К-ов медленно огляделся. Вверху неслись розовато-желтые облака, внизу сквозили высокие, причудливой формы колючки и все так же хлопотала о чем-то нарядная курица… Да, пускай он не такой, как все, да, пускай он родился в городе, которого нет на свете (тогда ему казалось, что нет), но все же он родился, он существует, он видит и слышит, он осязает – разве этого мало? В одиночку готов пировать он, коли они не хотят его, однако нелепые слова эти (про пир в одиночку) лишь мелькнули в голове беллетриста, но на бумагу не легли, как не легла перед этим фраза о вкусном яблоке. Все правдой было – все-все, но правдой его, а не Лушина. Лушин, почувствовал обескураженный сочинитель, без аппетита съел извлеченный из кармана кисловатый плод, поднялся, отряхнул штаны и отправился домой, где его ждала недовязанная авоська.

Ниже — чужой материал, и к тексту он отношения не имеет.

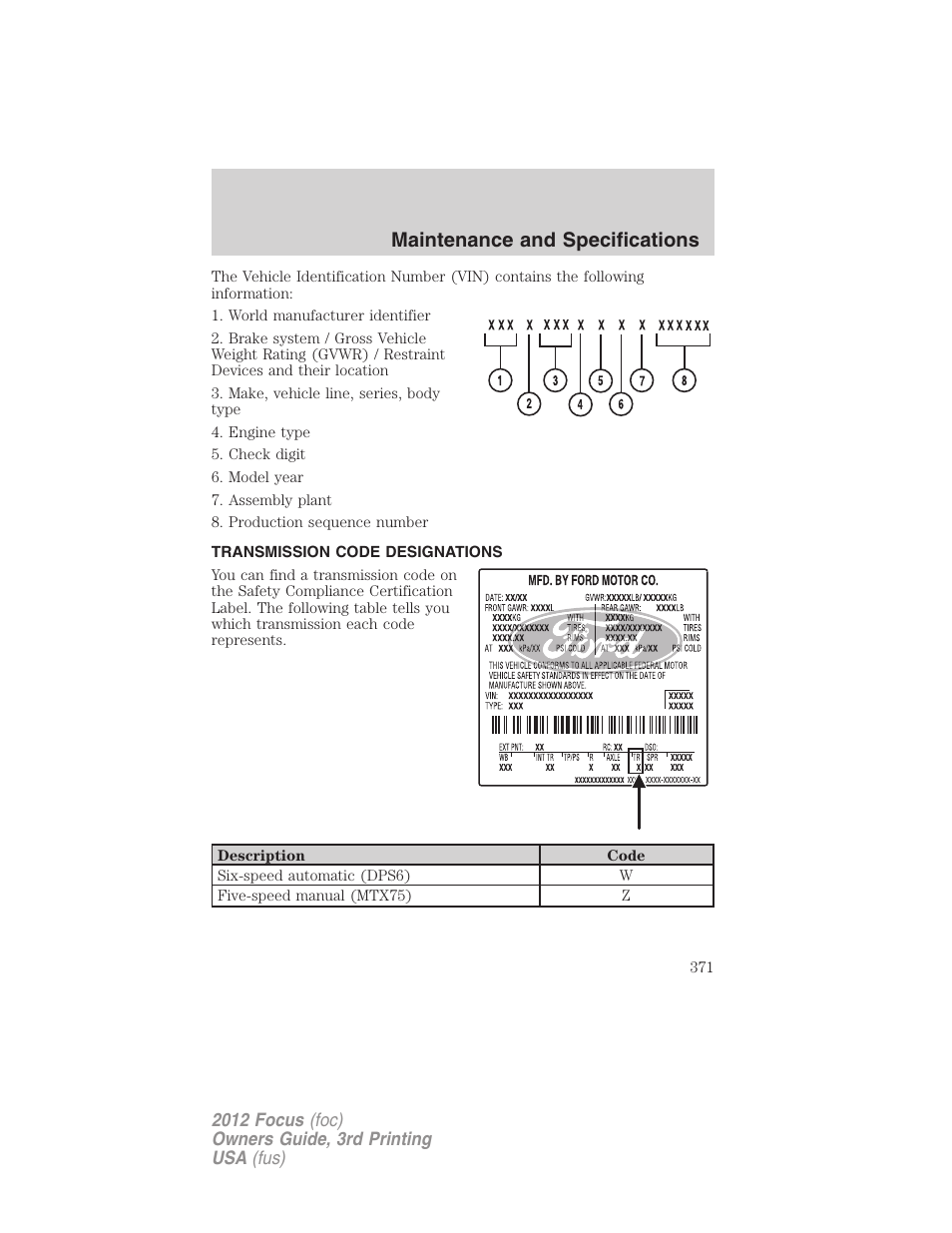 Transmission code designations, Maintenance and specifications | FORD 2012 Focus v.3 User Manual | Page 372 / 404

Эти большие, как рыболовная сеть, разноцветные авоськи плел в прежние времена отец и сам же продавал по воскресеньям на рынке. Среди инвалидов-колясочников отирался он, что торговали глиняными копилками, леденцами на палочке и школьными, вдесятеро дороже, тетрадями. Он и сам был инвалидом, хотя никаких внешних зазубрин война на нем не оставила… Но все это в прежние времена. После смерти жены он так ни разу и не взял в руки нити, начатую же и на половине брошенную авоську закончил сын, уже тогда не по возрасту педантичный. Случайно ее увидела соседка, купила за гроши и вскорости заказала еще одну, то ли на дешевизну польстившись, то ли просто из сострадания к сироте. Так и пошло… Прочны и красивы были изделия Володи Лушина, цену же сам не называл никогда. Что дадут, за то и спасибо. Мачеха, решил великодушно автор, не покушалась на деньги, которые зарабатывал его герой, так что все они уходили на открытки с видом старого города. Со временем их набралось штук триста, а началась эта уникальная коллекция с полдюжины карточек, случайно подаренных близкой подругой покойной матери…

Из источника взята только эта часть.